За время дороги Мошкин еще не раз наскакивал на Оглоблина, пытаясь вызвать его на разговор, но тот упрямо молчал и думал свою тревожную думу. Выжидал. И только на какой-то крупной станции близ Омска Семен Григорьевич, насмотревшись на то, как лапотники и мешочники брали приступом хлебный ларек, со вздохом обронил:

— Да, хлебный вопрос для нас теперь самый главный и главный на долгие времена. Его никакими силами не решить рывком, одним махом.

— А я все-таки за самые крутые меры, — вспыхнул Мошкин, давно ждавший минуты выговориться. — Пусть это даже будут времена военного коммунизма. Как низовой работник я в этом деле чувствую крайнюю необходимость. Других путей нету.

— Я радуюсь, товарищ Мошкин, что съезд не выражает вашей линии.

— Однако не забывайте, Семен Григорьевич, что есть еще практика и практики. Это мы с вами. Да-с.

XXI

Совещание открылось в драматическом театре, и все участники из гостиницы «Иртыш» направились туда пешком. Стояло ясное морозное утро. Весь город был убелен пышным куржаком, который тихо осыпался с проводов, карнизов домов и ветвей деревьев. Улицы были выметены и пустынны. На перекрестках стыли милиционеры, обутые в армейские сапоги.

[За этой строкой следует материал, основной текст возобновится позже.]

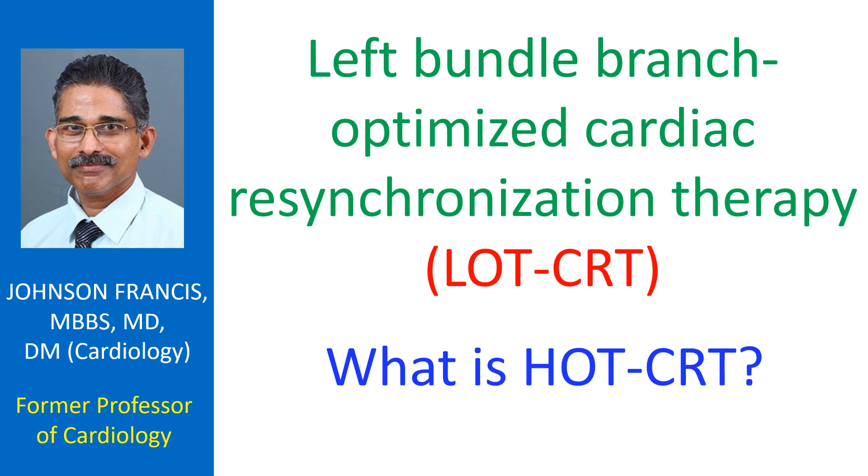Cardiac resynchronization therapy is usually done by biventricular pacing with a right ventricular lead and a left ventricular lead in a coronary vein. This often results in a relatively broader QRS complex and suboptimal response.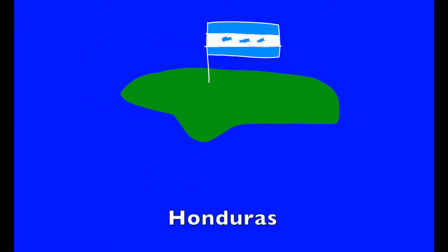H. H is for Honduras. It's home to the Mexican burrowing toad, anteaters, and capers.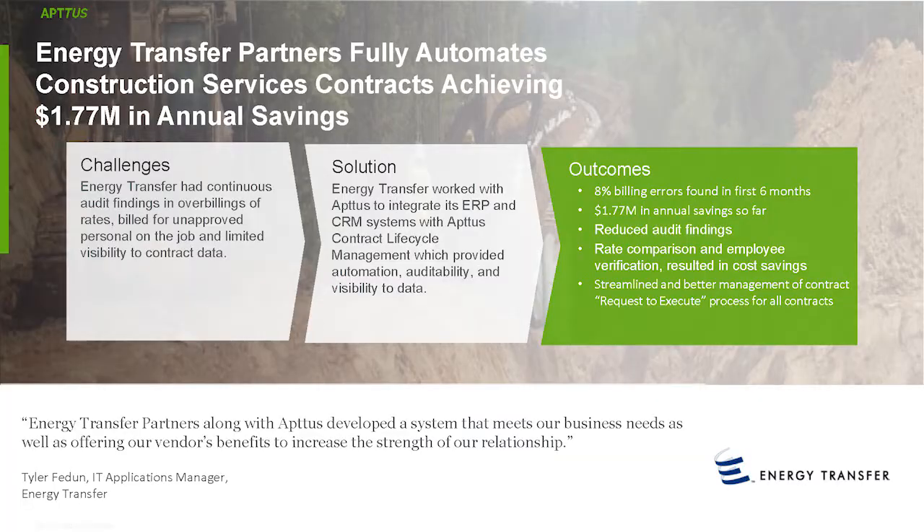That growth has caused challenges. From a contracting perspective, we had continuous audit findings within our data. We had problems with overbilling — people being billed for jobs they weren't even doing — and we just had no visibility to our data. So we looked for a solution. We partnered with Aptos and worked to integrate the Microsoft Dynamics CRM system and Aptos' CLM system into our ERP, which gave us automation, auditability of data, and visibility to data. Just being able to see your data gave us so many more answers.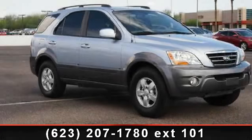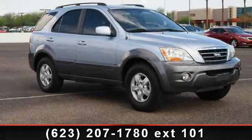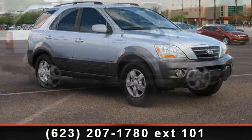Arrive in style with this 2008 Kia Sorento. This may be the set of wheels you've been looking for.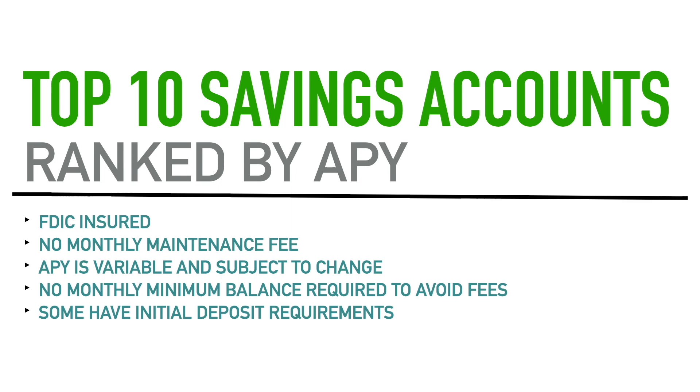Next, the APY — annual percentage yield — is variable and subject to change because these accounts are not fixed yields. If you want a fixed APY, it's better to do a certificate of deposit. For these savings accounts, the APY is variable, meaning it is subject to change. The trajectory has been that these accounts have been raising their APY every month or two. The APY you see in this video is what it is as of now — a couple of days ago for some of these — and some may have already raised their rate by the time this video uploads.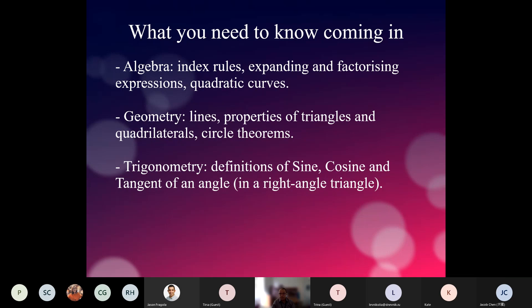We also expect you to know basic trigonometry: the definitions of sine, cosine and tangent functions of an angle, as defined in a right-angle triangle. We are doing a lot of extensions to that. These three things — algebra, geometry, trigonometry — are the basic things we need you to be comfortable with coming into A-level. So towards the end of the summer, open your books from previous studies and refresh your memory.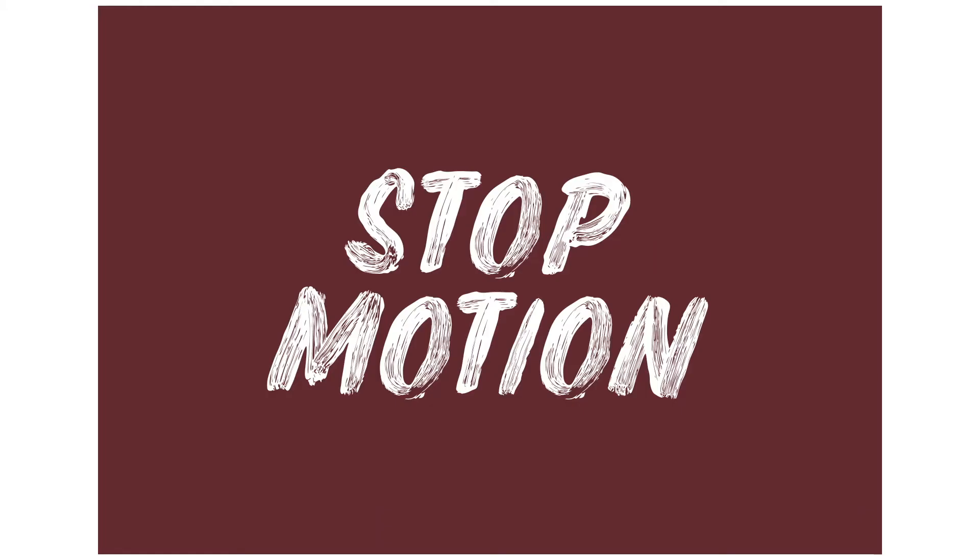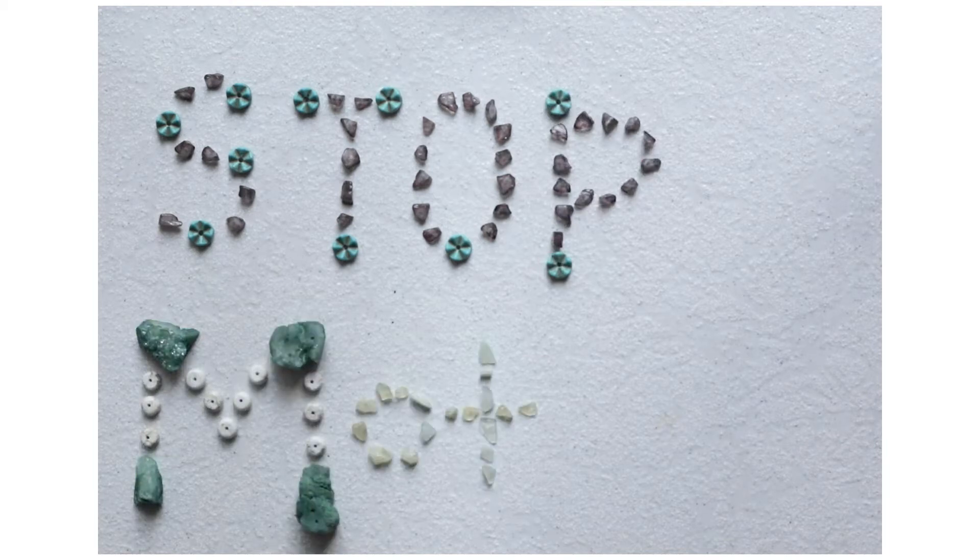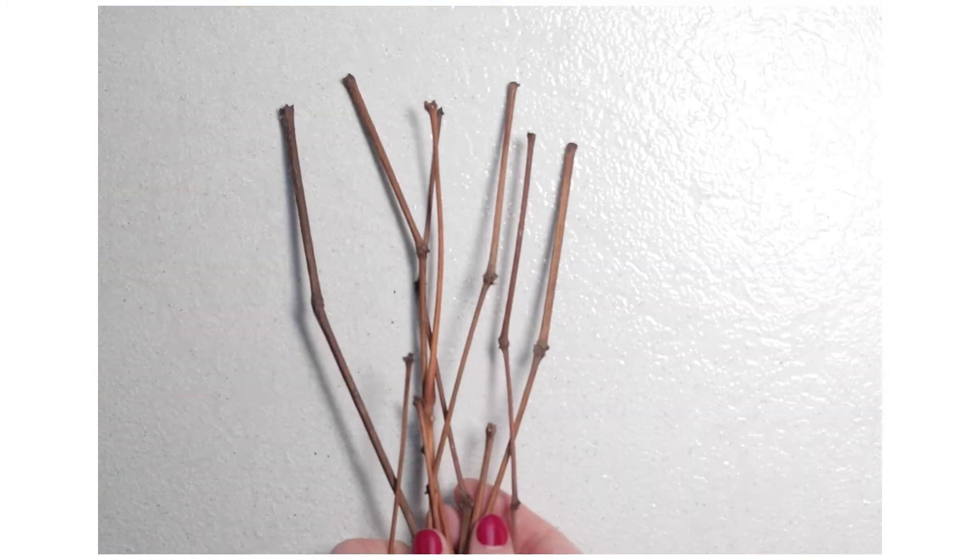I want to talk about stop motion. Stop motion is so much fun for so many reasons. If you have toys or action figures, you can make a whole film just by using stop motion in your house. If you have a printer, if you can paint, you can animate these things. There are so many ways to look at doing stop motion, but it's a really easy way to make titles and animate things that otherwise wouldn't have had movement.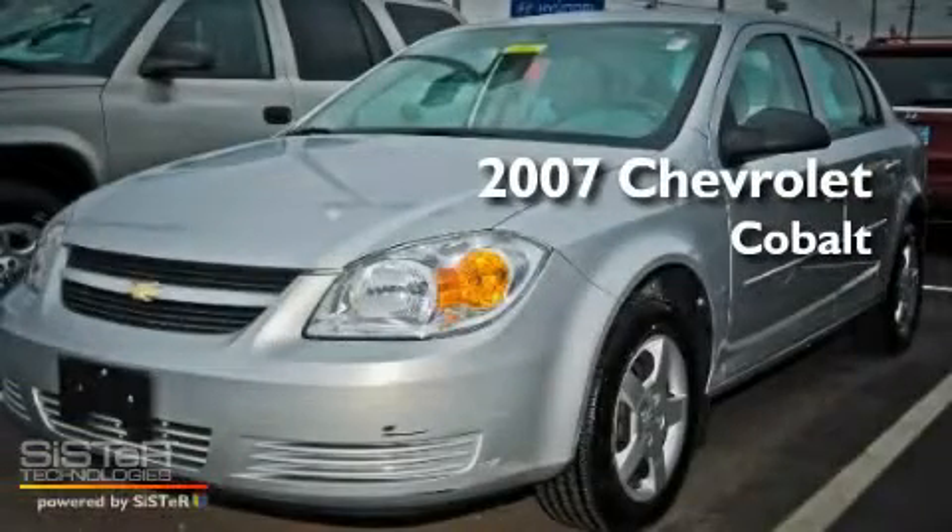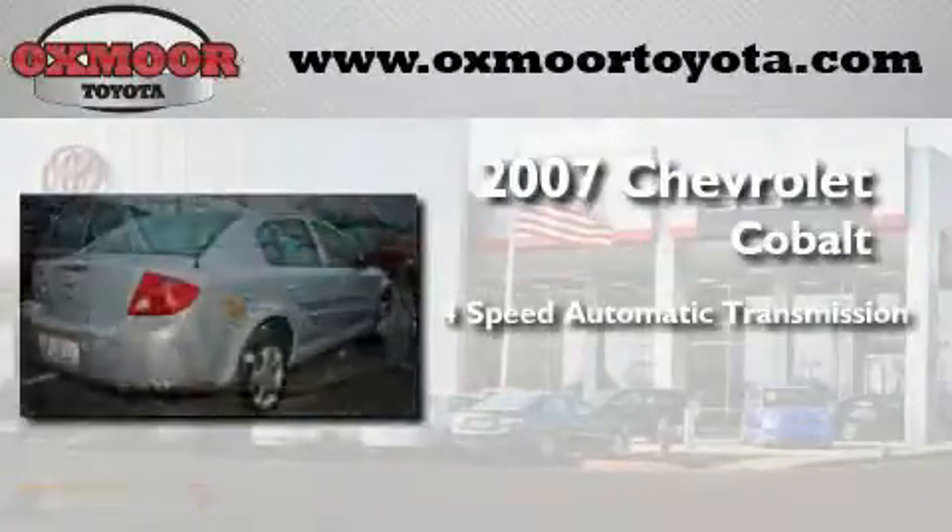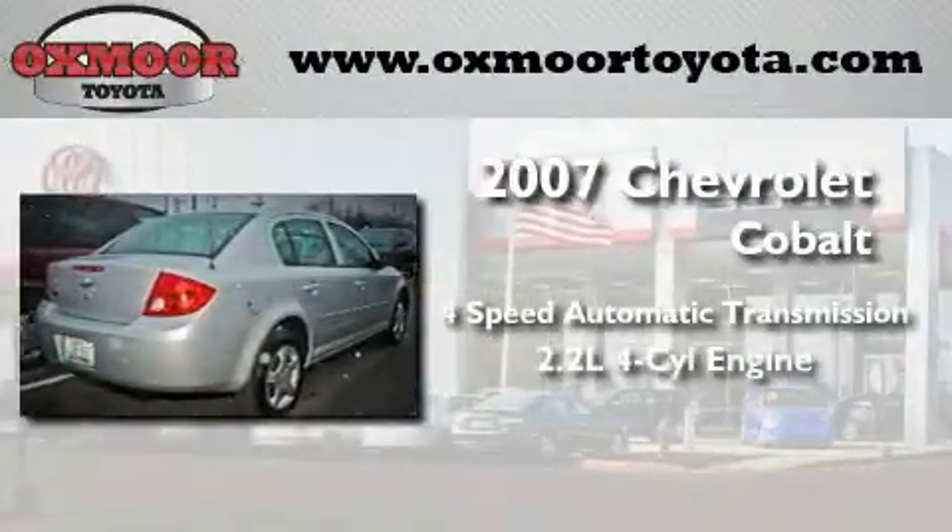This is a 2007 Chevrolet Cobalt. This compact has a four-speed automatic transmission and an inline four-cylinder engine.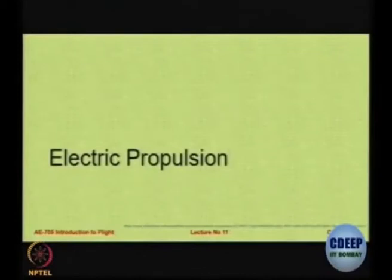We now move to current developments, R&D, and the future. In the next 12 to 15 minutes, I am going to talk about electrical propulsion, and then in the last slot I will talk about ionic propulsion.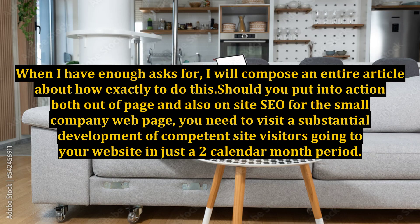When I have enough requests, I will write a complete article about exactly how to do this. Should you implement both off-page and on-page SEO for your small business website, you should see a substantial increase in qualified site visitors coming to your website within just a two-month period.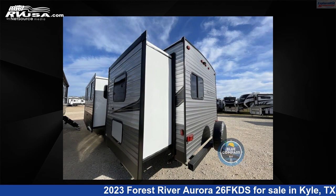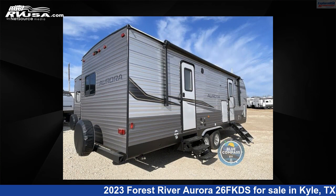This new Forest River is 29 feet 0 inches in length and features two slide-outs, sleeps five, and 44 gallons fresh water capacity.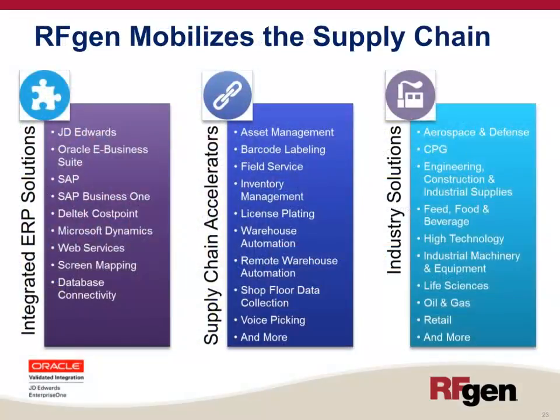RFgen mobilizes the supply chain and integrates with top-shelf ERP solutions including JD Edwards, Oracle eBusiness, SAP, Dell Tech, Cost Point, and Microsoft Dynamics, through web services, screen mapping, or database connectivity. Our supply chain accelerators include asset management, barcode labeling, field service, inventory management, license plating, warehouse automation, shop floor data collection, voice picking, and much more.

На театральной площади стояли наряды конной милиции, и Оглоблин догадался, что на совещание из Москвы прибыл большой работник, и этому своему открытию радовался и торопился занять место поближе к сцене. Оглоблин, Мошкин и Умнов поспели к первому звонку и первыми вошли в только что открытый пустой холодный зал. Умнов поначалу ослеп от ярких хрустальных светильников, многосветной искрящейся люстры под потолком, жирного блеска позолоты на лепных украшениях лож и ярусов. На полу лежала голубая ковровая дорожка, и как только Умнов ступил на нее, его понесло куда-то вниз, мимо рядов, прямо на красный бархатный занавес, который горел, подсвеченный рампой, и переливался, будто пылал овин, набитый сухими снопами. У передних рядов его остановил милиционер в белой гимнастерке и сказал, что первые ряды занимать нельзя. Когда повернул обратно, понял, что пол в театре покатый, и Умнову почудилось, что его опять потянуло вниз, на палевый струящийся занавес.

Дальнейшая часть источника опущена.